The Association of Racing Commissioners International, heady with recent unification, a strong new leader, and support from the richest group in racing, the National Thoroughbred Racing Association, has decided to use its latent muscles. Meek for years, it has decided to make itself a presence, not with grace but by becoming the neighborhood bully.

The ARCI decided at its annual meeting last week to threaten the tracks it supervises with retribution if they do not enforce the ARCI's program of wagering security. If they don't comply, they won't get dates. The ARCI's new president and CEO, Ed Martin, a veteran racing man who has done a service to the sport in reuniting racing commissions, said he thinks that is a gross overstatement. I do not.

Looking for a cause to reposition his group as a major industry player, Martin came up with the Chris Harn-Derrick Davis-Glen DaSilva Breeders' Cup pick six scandal, now almost four years old.

Wagering security obviously is desirable, but it is not the most important issue in racing, even though ARCI convention speakers tried to make it sound that way. Tote companies took needed action after the 2002 scandal, and there has been relative quiet since. Importantly, the pick six scandal did not involve hacking into the tote system, but was an inside job. Tote companies are the primary guardian of wagering security, and they, not the tracks, should pay for it. They almost certainly would pass the cost along to tracks, but competition would serve as a brake on that issue, assuming the market works.

Martin's vision of a national wagering security organization is valid, but the monies proposed could be spent far more beneficially on drug research, interdiction, and investigation; on more severe penalties for offenders; and with providing tools like rebates to let the traditional bricks-and-mortar track operations battle offshore backroom pirates on more equal terms. Along with all that, there is the need to find out who is betting into the pools and what they are betting, which is one function the ARCI group could perform.

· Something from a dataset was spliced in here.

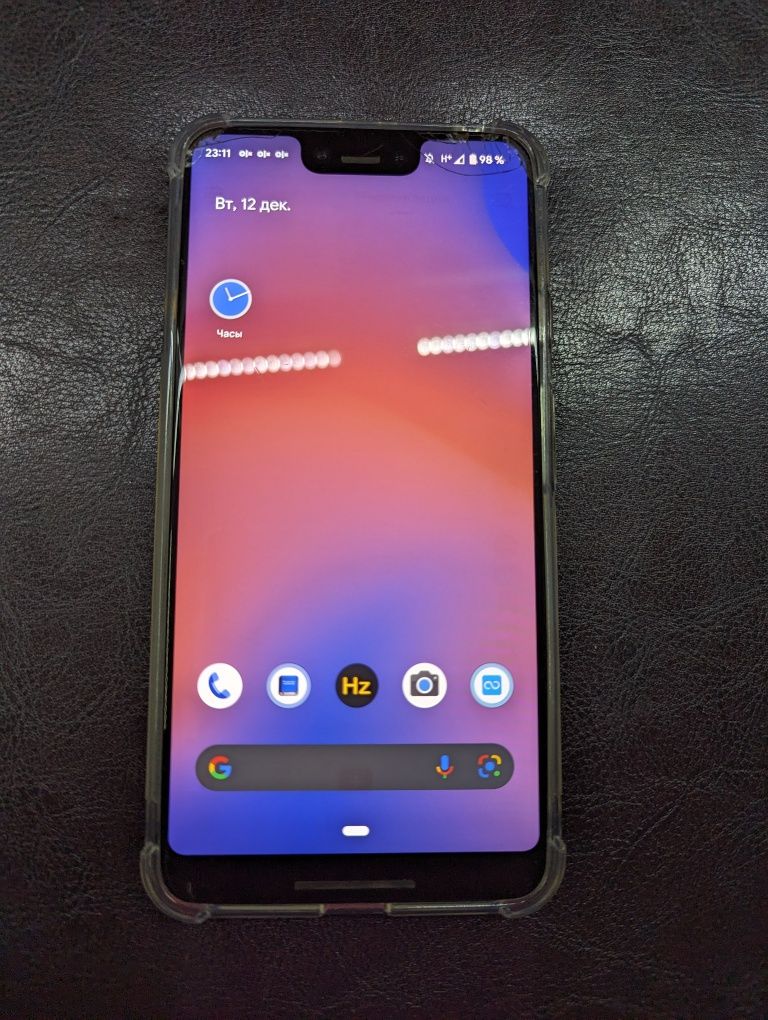 Смартфон Google Pixel 3 XL 4/64GB Just Black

What is seriously and dangerously wrong with the ARCI plan is not its objectives, but how it plans to implement them. In a closed meeting last week, the ARCI passed a unanimous resolution that, "commencing in 2007, our commissioners are going to be looking into putting as a condition of licensure of race dates a requirement that the wagering system be independently monitored."

There is only one reasonable way to translate that: "Join our group, or we'll shut you down or cut your dates." Martin says ARCI has no intention of shutting down racing, but I know of no other way of reading the resolution.

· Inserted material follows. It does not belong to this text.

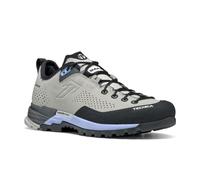 Tecnica Wanderschuhe Sulfur MS (Zustieg, Veloursleder) hellgrau Damen, Größe Euro (US) 40 2/3 (9)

What ARCI is proposing is the federal policy used against foreign governments that don't agree with Washington: Do it our way or we'll cut your aid. We have the power, and we plan to use it. It ill befits an organization of racing commissioners, entrusted with the welfare of the sport, who should be helping racetracks, not threatening them.

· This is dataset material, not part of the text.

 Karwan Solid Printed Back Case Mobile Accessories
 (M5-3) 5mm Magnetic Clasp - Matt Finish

Asking tracks to fund ARCI projects, or pay for "associate memberships," seems to some a conflict of interest. You do not pay monies or offer tribute to people who regulate or govern you. Jack Abramoff tried and is headed for jail.

This latest proposal goes beyond that. Racing commissioners hold the lifeline of tracks in their hands. Martin thinks using that weapon is the only way to enforce what he sees as a role ARCI is obligated to fill. I see it as an abuse of power.

Martin told the ARCI audience, "We need to do this in the same way we require security on the backstretch. We must require the independent monitoring of the wagering system. If we don't do that, we are not serving the public, or meeting the needs of this industry and everybody whose livelihood depends on it." He reiterated that to me. I pointed out that racetracks pay for backstretch security, but Martin said he feels they do because they are under mandate from their racing commissions. It also is possible they do because they understand integrity is the foundation of all parimutuel racing, without the ARCI telling them or forcing them.

I respect Ed Martin as a longtime racing official and regulator who knows the business thoroughly. I see the ARCI proposal as Draconian. He sees it as duty.

I realize ARCI has the club, but I think it is proposing to bust the wrong knees.